While adults between the ages of 50 to 59 suffer the highest death rate due to bicycling, children between the ages of 5 and 14, as well as young teens between the ages of 15 and 19, “have the highest rates of nonfatal bicycle-related injuries,” the CDC reported.
Shouldn’t something be done here?
Surely, a bike buyback program is warranted.
Here’s something to consider as well, in a headline from Forbes from January 2017, as well: “Death By Selfie: Serious Incidents, Including Injury And Death, Are On The Rise.” The story spoke of how several youths taking selfies on a lake in India drowned when their boat tilted. America has lakes; America has youths. Catch the drift?
Fact is: Life is a dangerous past-time. Regulating away every danger is impossible. Moreover, using real guns to murder, maim and kill is already outlawed. So is using a firearm in the commission of another crime, like dealing drugs. Going after the toy guns now isn’t going to help with any of those firearm-tied crime statistics.

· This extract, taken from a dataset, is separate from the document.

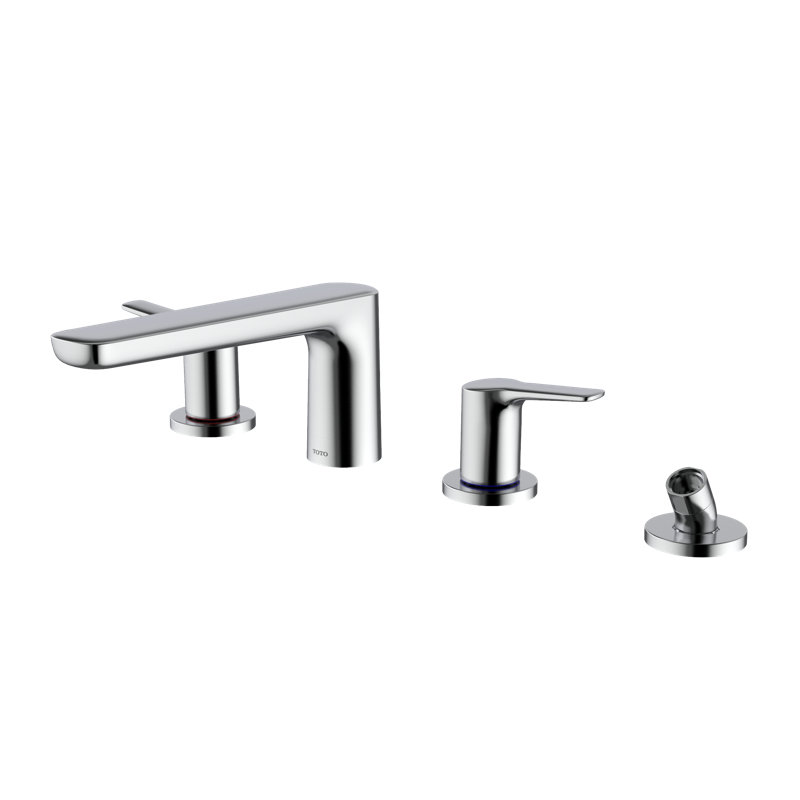 Garniture de robinet de baignoire romaine à quatre trous avec douchette à main TOTO® GS, chrome poli, Chrome poli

Police and hand-wringing politicians say the toy guns can be mistaken for real guns, and officers on the job may mistakenly shoot to kill. But that sounds more like a police problem than a toy gun problem.
That sounds more like an excuse to bring about an agenda. And so it is, using the left’s favored “for the children” approach.
The real issue here is the left hates guns — the left hates the Second Amendment. In their hunger to obliterate the individual freedom Founding Fathers recognized in the Constitution as a God-given right to self-defense, the left has gone after the most propaganda-vulnerable: the children.
They’re trying to sell the idea that toy guns are nearly as dangerous as real guns in hopes of guilting parents into relinquishing their rights to decide, and with the ultimate aim at teaching children who don’t know better to fear the Second Amendment.
But a toy is a toy is a toy. That goes for toy guns, too, no matter how many pansies try to paint otherwise.